If I'm working on something that I've already done, then TDD may work alright,
but if I'm doing that rather than searching for some library or code I've
already written, then I'm failing already. If it's something simple, then TDD
is also not a problem, but at that point I'm really wasting my time.

TDD stunts design, thinking, and refinement ability, and only works when there
is nothing left but execution. In my mind, as long as the tests get written
(and obviously makes sense to write them at around the time the
function/method/class is written), then I'm alright. Also, I usually don't
know what a class will look like until I've written it, used it for a little
bit, tested it manually, etc. If I were to write a test for it prior to this,
then I'd be wasting time. I don't know how people are able to write these
tests, and separate everything out beforehand.

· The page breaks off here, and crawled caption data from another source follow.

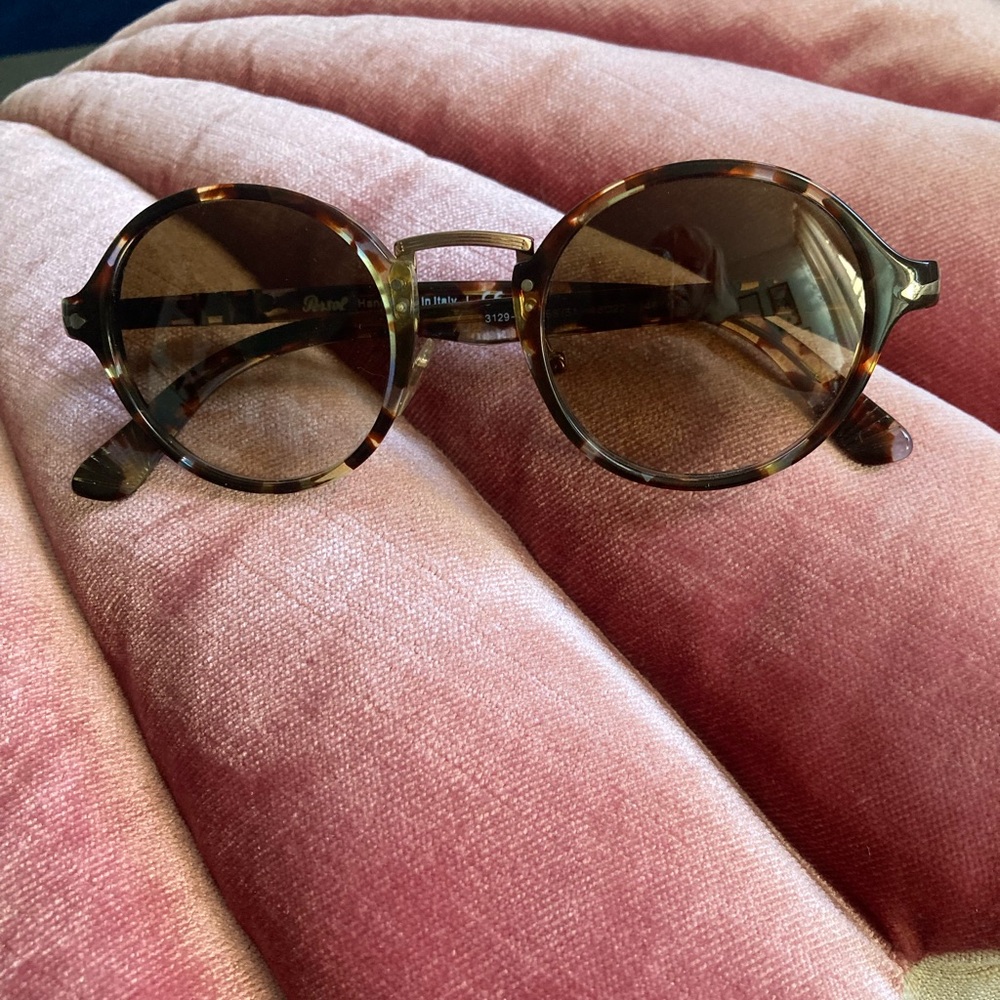 PERSOL multicolor tortoise shell round sunglasses. Made in Italy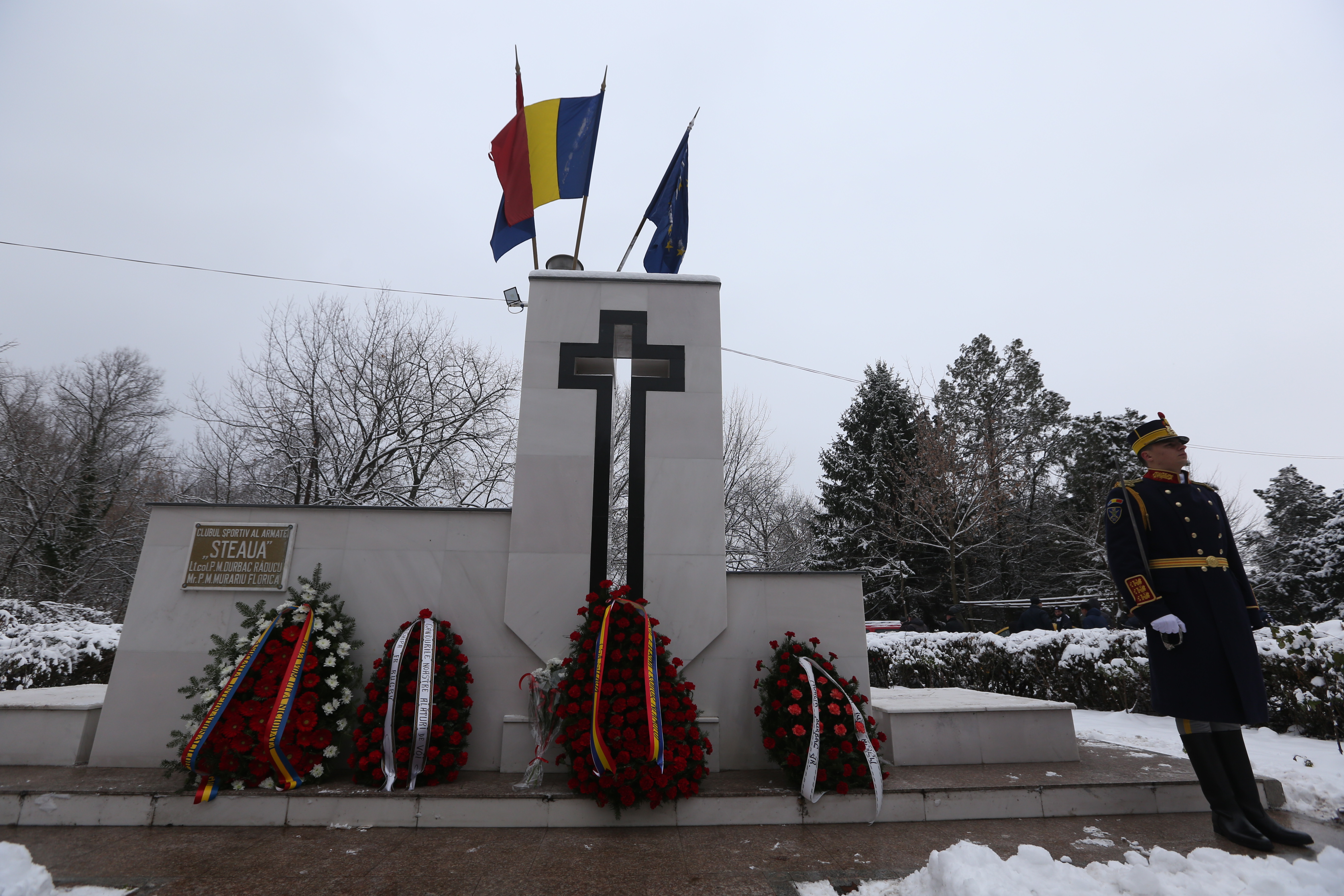 GALERIE FOTO / CSA Steaua i-a comemorat pe foștii rugbiști Radu Durbac și Florică Murariu, decedați la Revoluție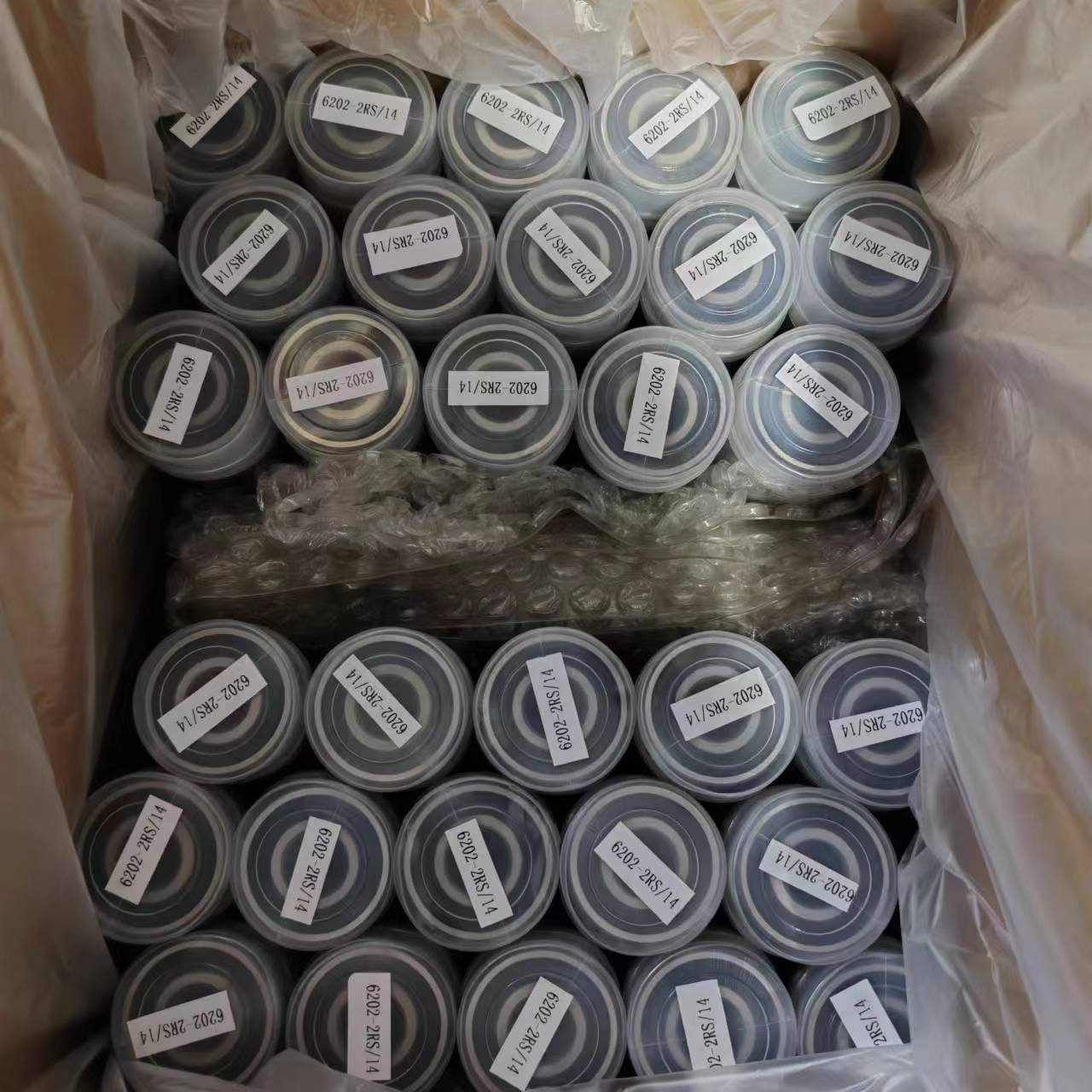 14*35*11 P5 ZV4 deep groove ball bearings 6202 rs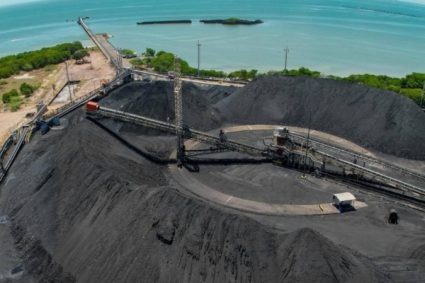 Gobierno realiza inspección de los niveles de producción alcanzados y la capacidad exportadora de Carbozulia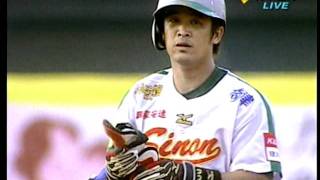 20110604象牛戰一局下張阿火二壘安打+BBG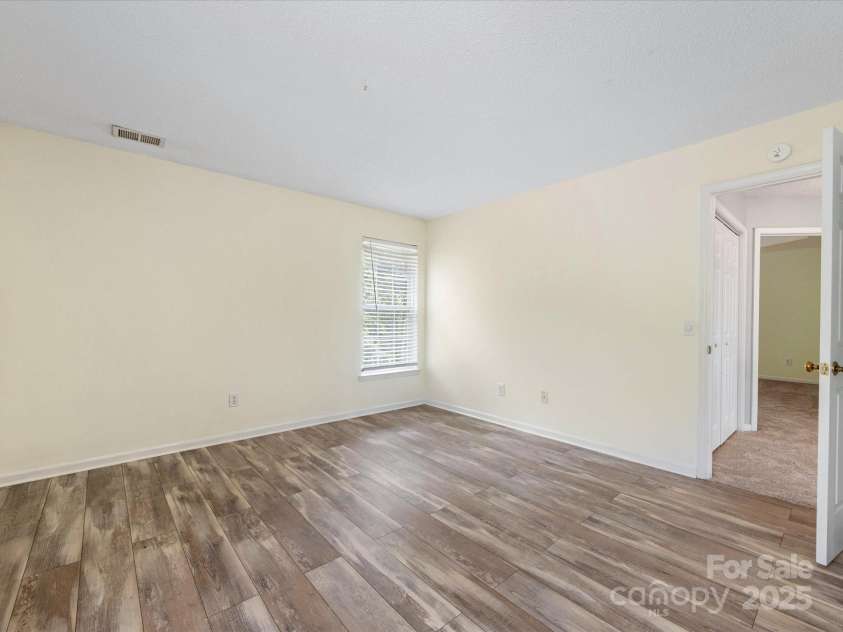 12529 Old Timber Road, Charlotte, NC 28269.  MLS# CAR4265449, YatesRealty ID 18823. Guest bedroom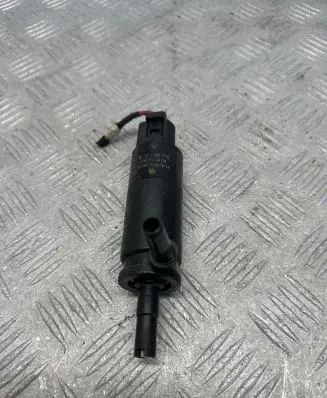 BMW X5 F15 Headlight washer pump 7340773 57786310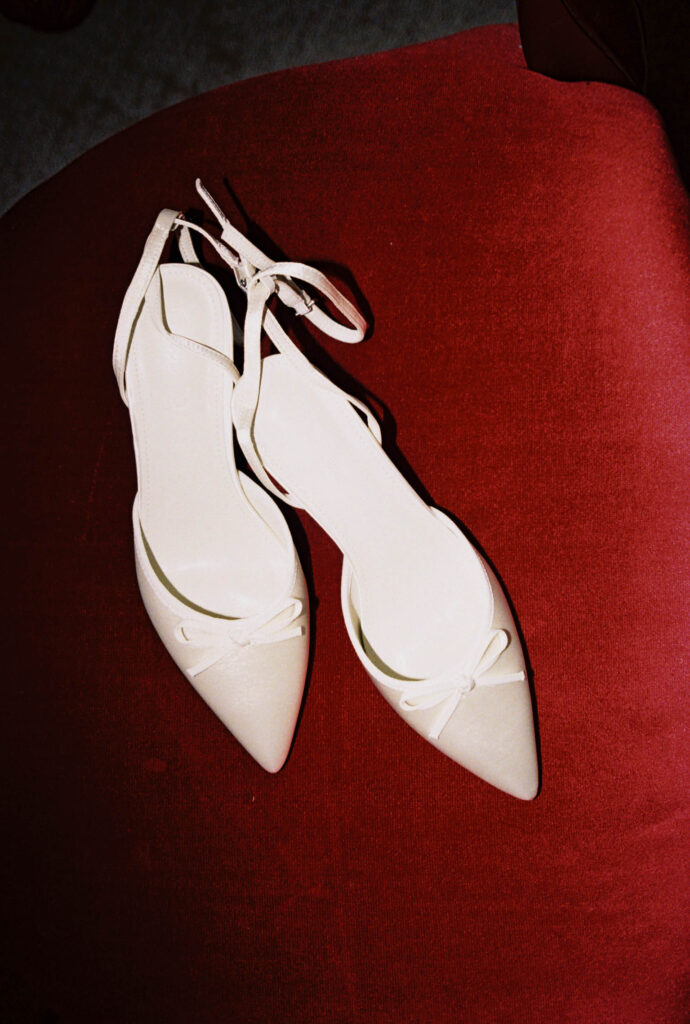 wedding details at Kingan Gardens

I'm not comfortable or
satisfied with what I've written, until I see it, play with it, test it
manually, then use that data to go back and smooth out and refine what needs
to be.

I'm wondering if this is an MBTI judger/perceiver issue, with judgers being
more able to wire their minds into that of a TDD'er, while perceivers see it
as fundamentally problematic.

------
mu_killnine
To quote The Big Lebowski:

"You're not wrong, Walter. You're just an asshole"

The author gets all riled up about being banned for his 'challenge of DHH',
when (if this post is any indication) its likely his attitude that got him in
hot water.

------
Slackwise
> YOUR code is hard to test BECAUSE you don’t TDD.

TDD isn't dead, but it also isn't a silver bullet.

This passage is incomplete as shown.